*** Begin section ***

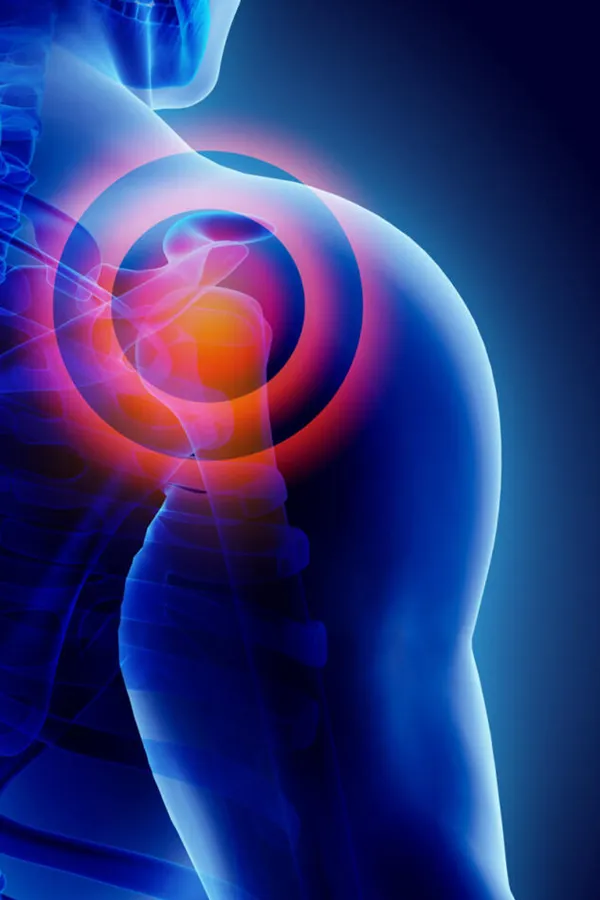 PRP-for-Shoulder-Injury-Treatment A 3D image of a transparent human shoulder, with red radiating circles representing shoulder pain, which can be relieved by PRP treatment for shoulder pain from Pierre Rojas, DO in South Lyon.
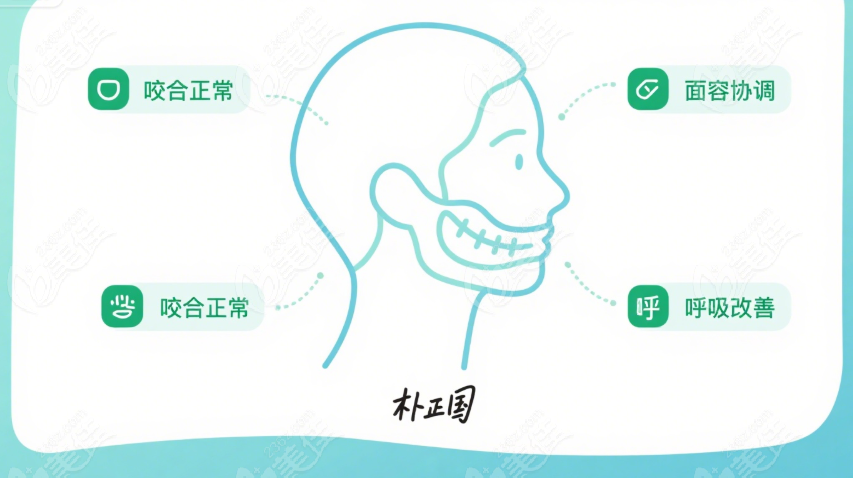 樸正國(guó)正頜手術(shù)實(shí)例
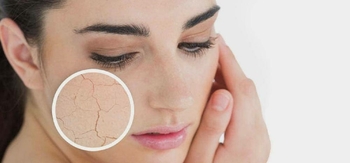 Dry skin and its care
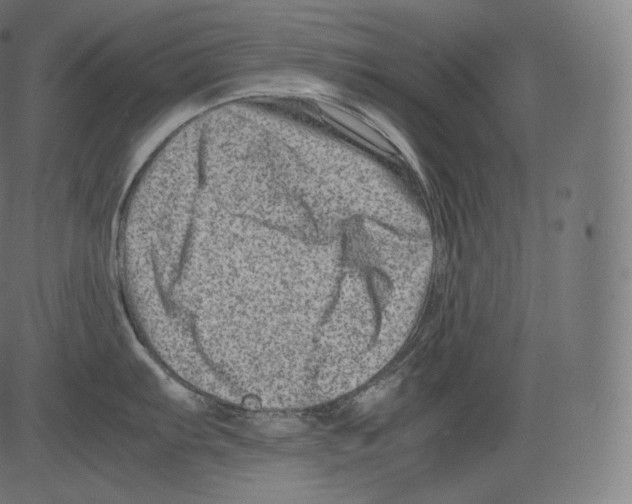 X0000081431103200702092153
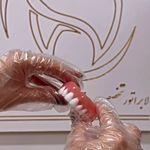 لابراتواردندانسازی ملیکااسماعیلی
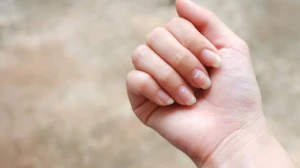 DİQQƏTLİ OLUN! Dırnağınızdakı bu ləkələr xəstəlikdən xəbər verir&nbsp;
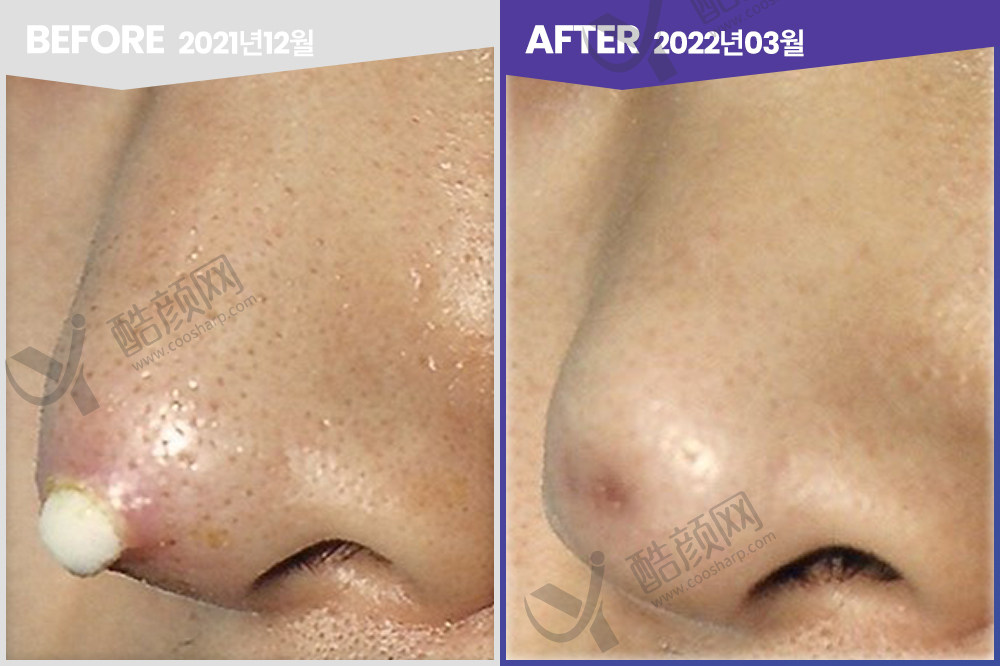 韩国宝尼达整形外科环境图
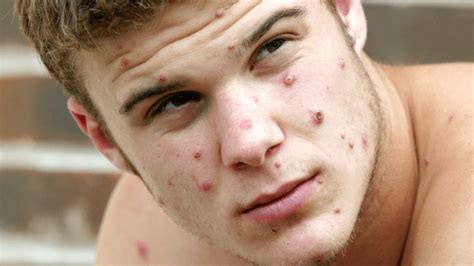 Concerns grow worldwide as rare Monkeypox virus spreads like wildfire ...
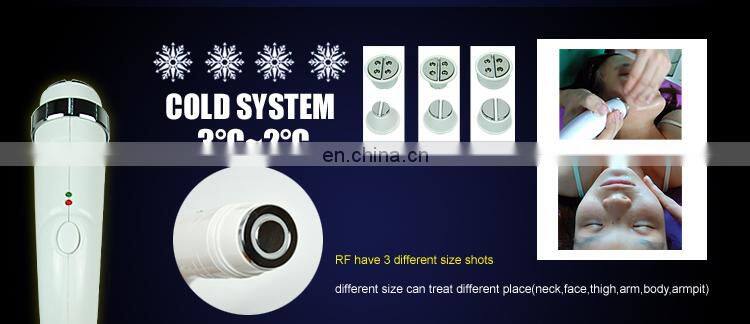 Acne removal ipl hair removal machine shr elight+rf skin lifting machine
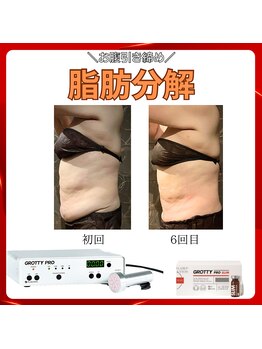 トータルビューティーサロン ヴィヴィエ(ViVier)/脂肪分解　お腹症例6回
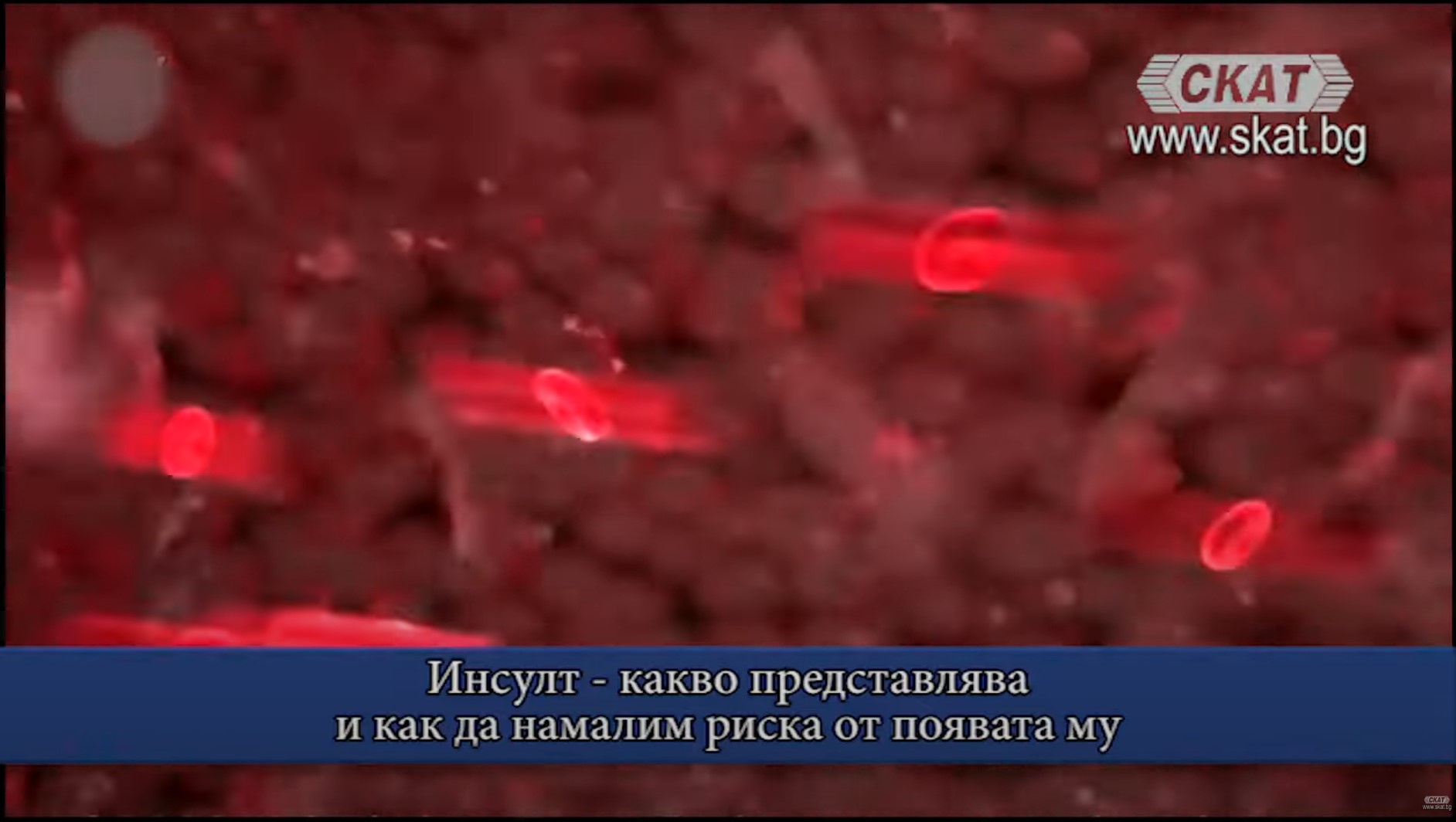 Д-р Анъл Хюсменов, невролог в МЦ "Лозенец" в студиото на телевизия СКАТ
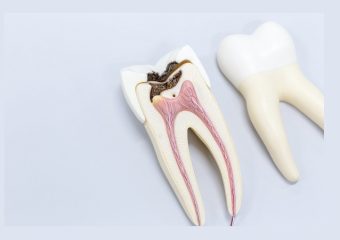 بهترین ایمپلنت اصفهان | بهترین دندانپزشک زیبایی اصفهان | خطرات توجه نکردن به‌ سلامت ریشه دندان | بهترین دندانپزشک اصفهان | دکتر ندا مکانیک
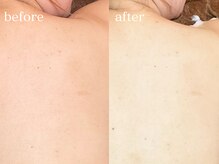 ハダケア(HADA CARE)/美白大作戦★ふわっと泡美白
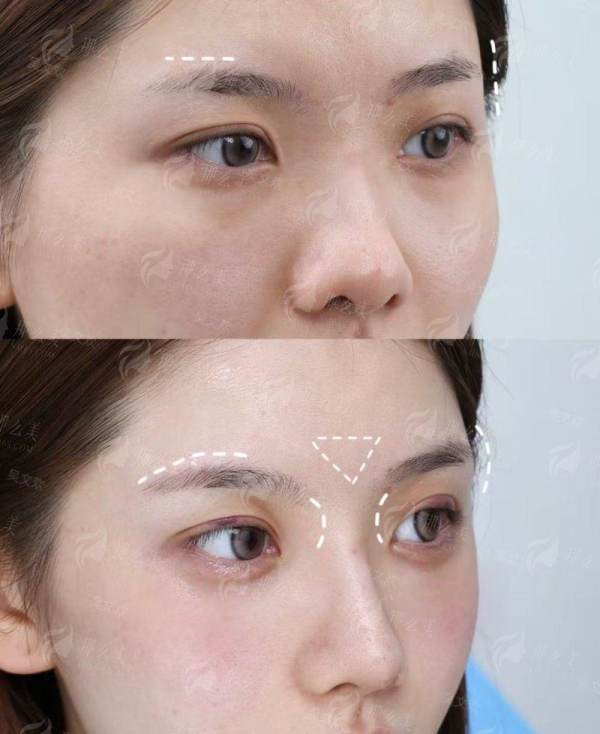 <strong style="color:red;">二、影响苏州维多利亚隆胸价格的核心因素</strong>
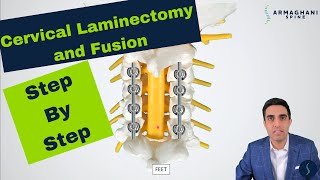 Posterior Cervical Laminectomy and Fusion  Procedure details recovery and expectations [upl. by Yklam]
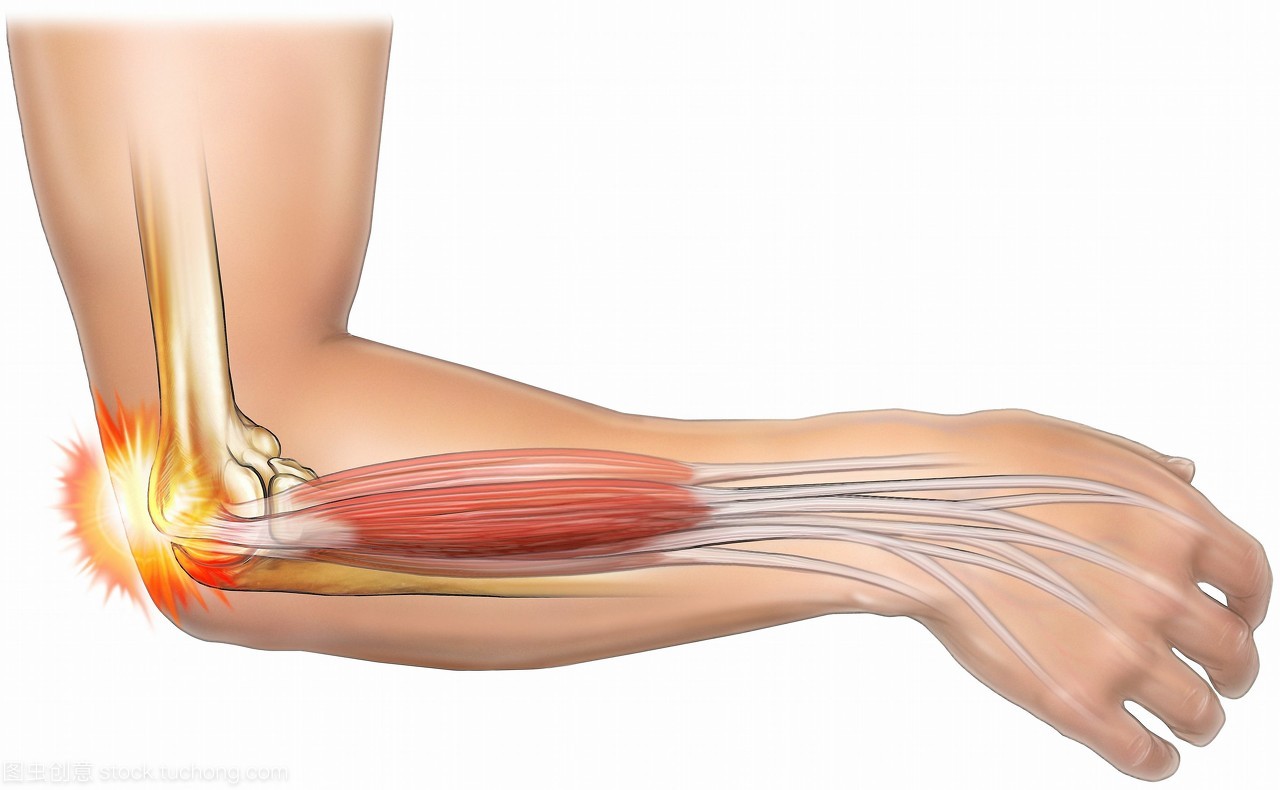 疼痛是什么？我们从事肌骨疼痛方向的物理治疗师究竟在干什么？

*** End section ***

**Description of the task**:
Omitting all pictures, restate word for word the lines from the one containing "樸正國(guó)正頜手術(shù)實(shí)例" through the last line of the data.

**Solution for this problem**:
 樸正國(guó)正頜手術(shù)實(shí)例
 Dry skin and its care
 X0000081431103200702092153
 لابراتواردندانسازی ملیکااسماعیلی
 DİQQƏTLİ OLUN! Dırnağınızdakı bu ləkələr xəstəlikdən xəbər verir&nbsp;
 韩国宝尼达整形外科环境图
 Concerns grow worldwide as rare Monkeypox virus spreads like wildfire ...
 Acne removal ipl hair removal machine shr elight+rf skin lifting machine
 トータルビューティーサロン ヴィヴィエ(ViVier)/脂肪分解　お腹症例6回
 Д-р Анъл Хюсменов, невролог в МЦ "Лозенец" в студиото на телевизия СКАТ
 بهترین ایمپلنت اصفهان | بهترین دندانپزشک زیبایی اصفهان | خطرات توجه نکردن به‌ سلامت ریشه دندان | بهترین دندانپزشک اصفهان | دکتر ندا مکانیک
 ハダケア(HADA CARE)/美白大作戦★ふわっと泡美白
 <strong style="color:red;">二、影响苏州维多利亚隆胸价格的核心因素</strong>
 Posterior Cervical Laminectomy and Fusion  Procedure details recovery and expectations [upl. by Yklam]
 疼痛是什么？我们从事肌骨疼痛方向的物理治疗师究竟在干什么？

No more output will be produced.